When the control strategy is the control strategy of the energy storage battery 46, referring to fig. 16, the control system further includes an energy storage battery controller 45, the vehicle controller 41 is connected to the efficiency controller 44 to obtain the control strategy of the energy storage battery 46, the vehicle controller 41 is connected to the energy storage battery controller 45 to send a signal to the energy storage battery controller 45, and the energy storage battery controller 45 controls the operation of the energy storage battery 46 according to the signal; alternatively, referring to fig. 17, the efficiency controller 44 is connected to the energy storage battery controller 45 to send a signal to the energy storage battery controller 45, and the energy storage battery controller 45 controls the operation of the energy storage battery 46 according to the signal.

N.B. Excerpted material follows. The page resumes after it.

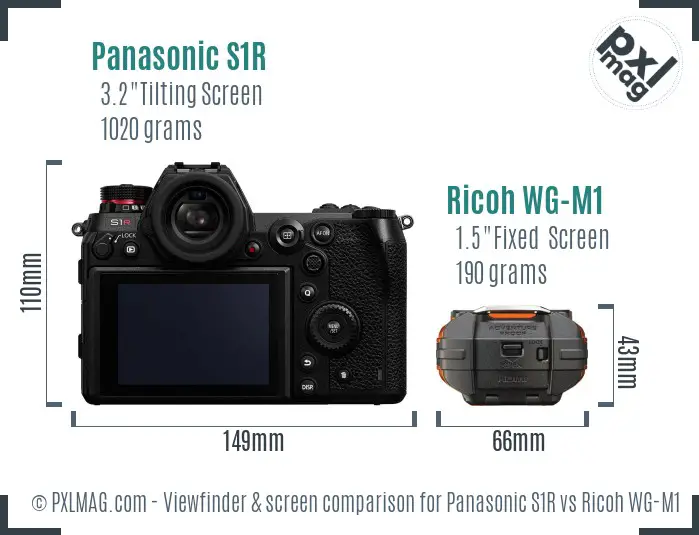 Panasonic S1R vs Ricoh WG-M1 Screen and Viewfinder comparison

When the control strategy is the control strategy of the fuel cell 43 and the energy storage cell 46, referring to fig. 18, the control system further includes an energy storage cell controller 45, the vehicle controller 41 is connected to the efficiency controller 44 to obtain the control strategy of the fuel cell 43 and the energy storage cell 46, the vehicle controller 41 is respectively connected to the fuel cell controller 42 and the energy storage cell controller 45 to respectively send signals to the fuel cell controller 42 and the energy storage cell controller 45, the fuel cell controller 42 controls the operation of the fuel cell 43 according to the signals, and the energy storage cell controller 45 controls the operation of the energy storage cell 46 according to the signals; alternatively, referring to fig. 19, the efficiency controller 44 is connected to the fuel cell controller 42 and the energy storage cell controller 45 respectively to send signals to the fuel cell controller 42 and the energy storage cell controller 45 respectively, the fuel cell controller 42 controls the operation of the fuel cell 43 according to the signals, and the energy storage cell controller 45 controls the operation of the energy storage cell 46 according to the signals.

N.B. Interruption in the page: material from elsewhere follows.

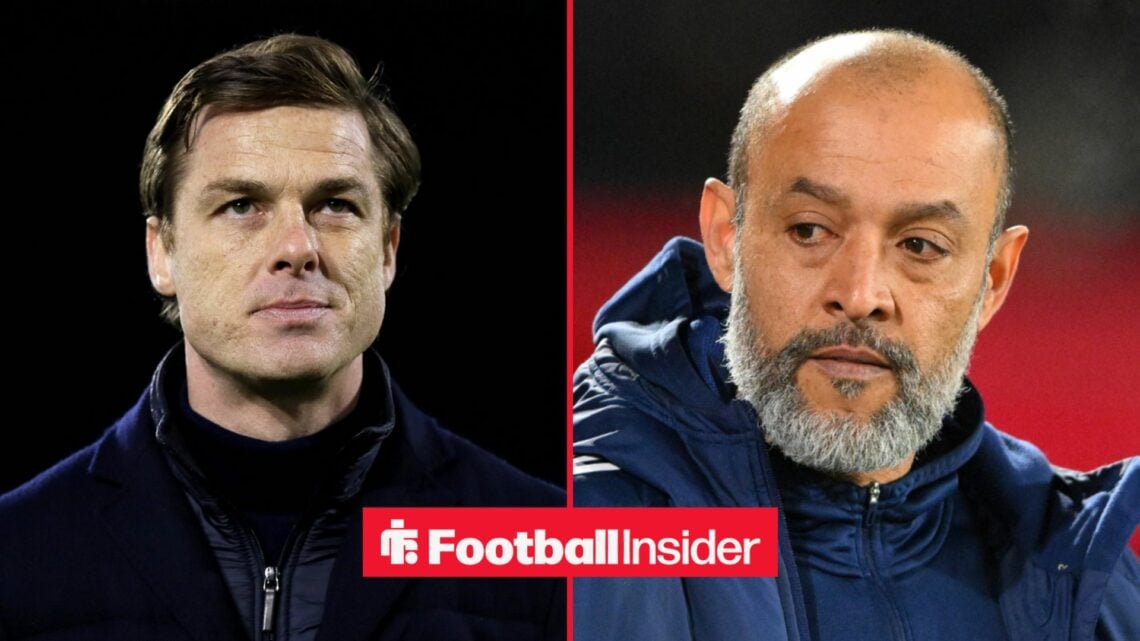 Burnley manager Scott Parker alongside West Ham manager Nuno Espirito Santo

Therefore, the efficiency controller 44 can make a control strategy of the fuel cell 43 and/or the energy storage cell 46, and control the operation of the fuel cell 43 through the fuel cell controller 42 and/or control the operation of the energy storage cell 46 through the energy storage cell controller 45, so as to compensate the hysteresis of the dynamic response of the vehicle-mounted fuel cell system, so that the actual efficiency of the vehicle-mounted fuel cell system can be kept within the preset efficiency interval for a longer time, and the parts of the vehicle-mounted fuel cell system are more durable.

In a specific embodiment, the electric vehicle 20 further includes an automatic transmission controller (not shown) connected to the efficiency controller 44, and the efficiency controller 44 sends a signal to the automatic transmission controller according to the predicted driving information of the electric vehicle 20, and the automatic transmission controller controls the operation of the automatic transmission.

The embodiment of the present application further provides a computer-readable storage medium, where the computer-readable storage medium is used for storing a computer program, and when the computer program is executed, the steps of the method for acquiring a control strategy of a vehicle-mounted fuel cell system in the embodiment of the present application are implemented, and a specific implementation manner of the method is consistent with the implementation manner and the achieved technical effect described in the embodiment of the method for acquiring a control strategy of a vehicle-mounted fuel cell system, and a part of the contents are not repeated.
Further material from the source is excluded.